--- Work request ---
Given the records underneath, please repeat exactly the lines from the line with "So for option" through the line with "The RM command", passing over any picture.
Segment Start: Data provided
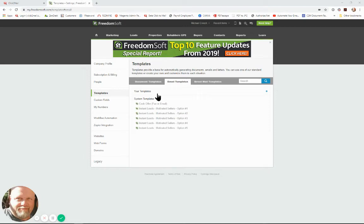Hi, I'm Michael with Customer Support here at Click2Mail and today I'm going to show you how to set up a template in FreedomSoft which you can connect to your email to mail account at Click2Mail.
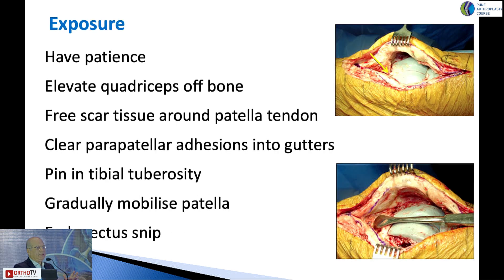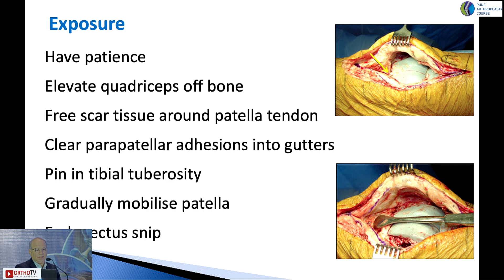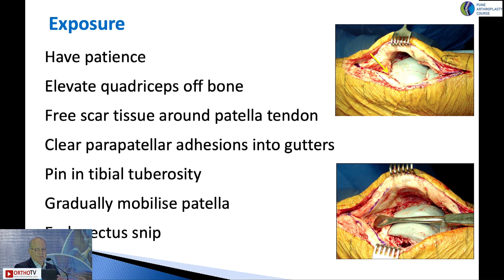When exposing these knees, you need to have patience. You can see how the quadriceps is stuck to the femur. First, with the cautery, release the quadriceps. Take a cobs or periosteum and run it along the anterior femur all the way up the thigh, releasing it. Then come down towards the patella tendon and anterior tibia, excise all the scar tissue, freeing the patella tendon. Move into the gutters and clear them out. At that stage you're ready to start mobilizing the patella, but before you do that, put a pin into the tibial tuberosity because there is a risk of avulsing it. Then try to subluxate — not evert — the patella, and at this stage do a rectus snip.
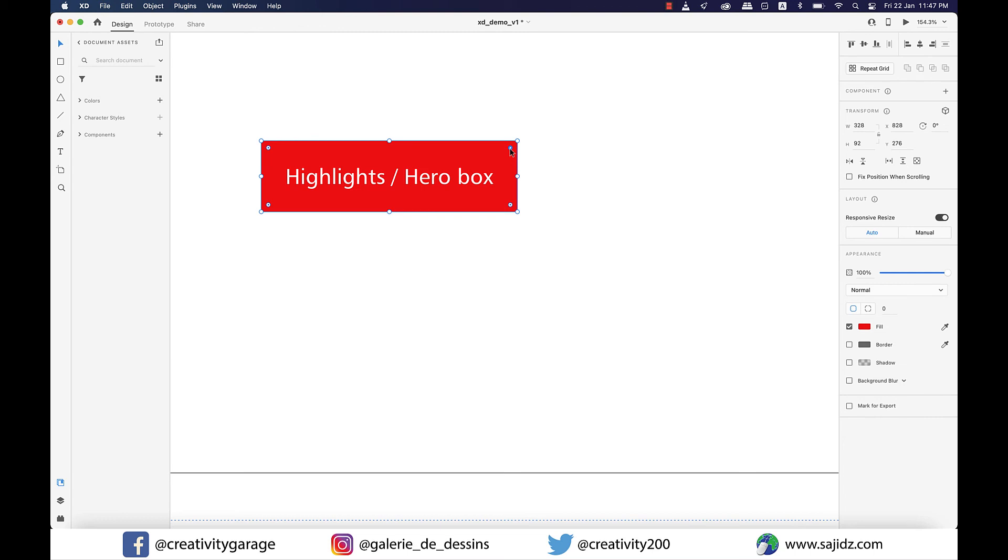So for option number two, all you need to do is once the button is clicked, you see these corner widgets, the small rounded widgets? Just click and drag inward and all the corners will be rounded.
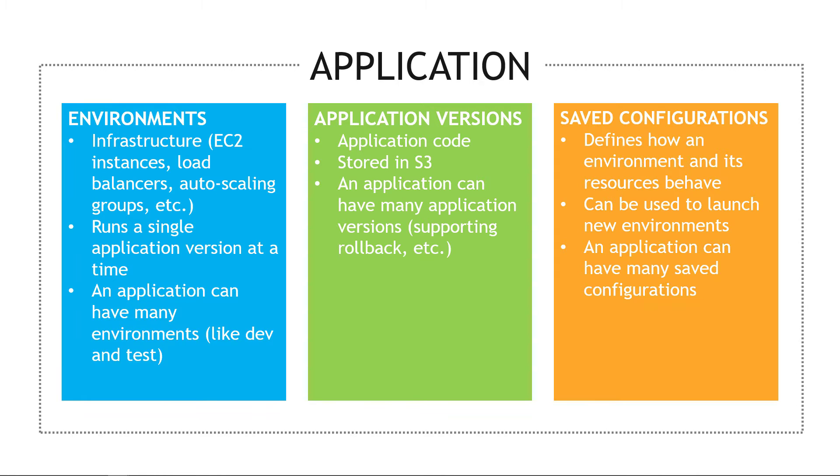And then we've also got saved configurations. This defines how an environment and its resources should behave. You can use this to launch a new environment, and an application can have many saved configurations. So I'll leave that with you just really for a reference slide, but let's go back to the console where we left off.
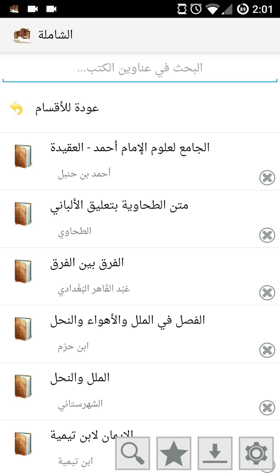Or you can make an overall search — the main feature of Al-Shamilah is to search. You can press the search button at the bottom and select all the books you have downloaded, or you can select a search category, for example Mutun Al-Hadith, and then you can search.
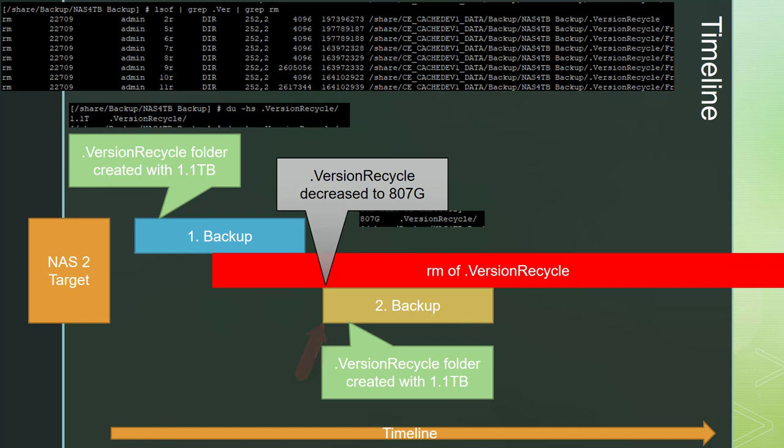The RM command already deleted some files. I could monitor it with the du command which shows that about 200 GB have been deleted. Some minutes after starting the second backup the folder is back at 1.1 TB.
Segment End: Data provided
Segment Start: Data provided
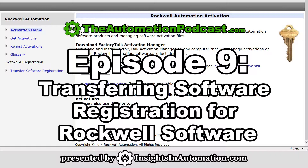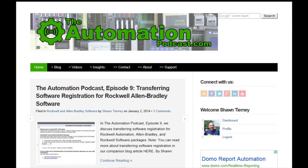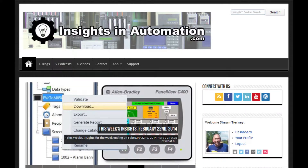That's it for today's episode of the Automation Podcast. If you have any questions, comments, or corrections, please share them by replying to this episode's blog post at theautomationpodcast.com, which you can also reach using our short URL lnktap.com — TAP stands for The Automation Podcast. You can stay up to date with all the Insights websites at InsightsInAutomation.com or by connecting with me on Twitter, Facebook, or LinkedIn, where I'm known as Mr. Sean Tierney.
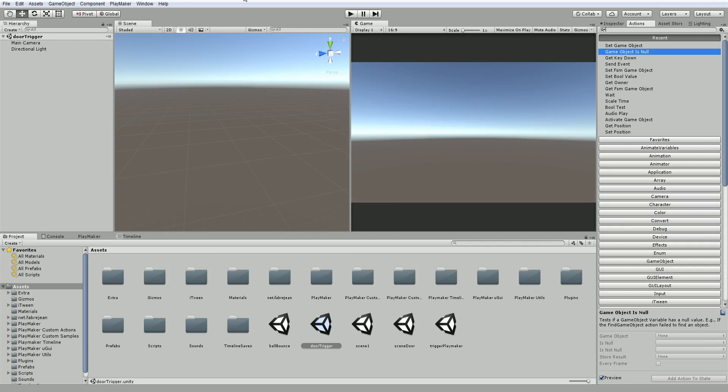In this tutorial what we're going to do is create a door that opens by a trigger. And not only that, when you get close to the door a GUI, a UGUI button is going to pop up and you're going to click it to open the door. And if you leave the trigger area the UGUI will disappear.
Segment End: Data provided
--- Problem solution ---
So for option number two, all you need to do is once the button is clicked, you see these corner widgets, the small rounded widgets? Just click and drag inward and all the corners will be rounded.
And then we've also got saved configurations. This defines how an environment and its resources should behave. You can use this to launch a new environment, and an application can have many saved configurations. So I'll leave that with you just really for a reference slide, but let's go back to the console where we left off.
Or you can make an overall search — the main feature of Al-Shamilah is to search. You can press the search button at the bottom and select all the books you have downloaded, or you can select a search category, for example Mutun Al-Hadith, and then you can search.
The RM command already deleted some files. I could monitor it with the du command which shows that about 200 GB have been deleted. Some minutes after starting the second backup the folder is back at 1.1 TB.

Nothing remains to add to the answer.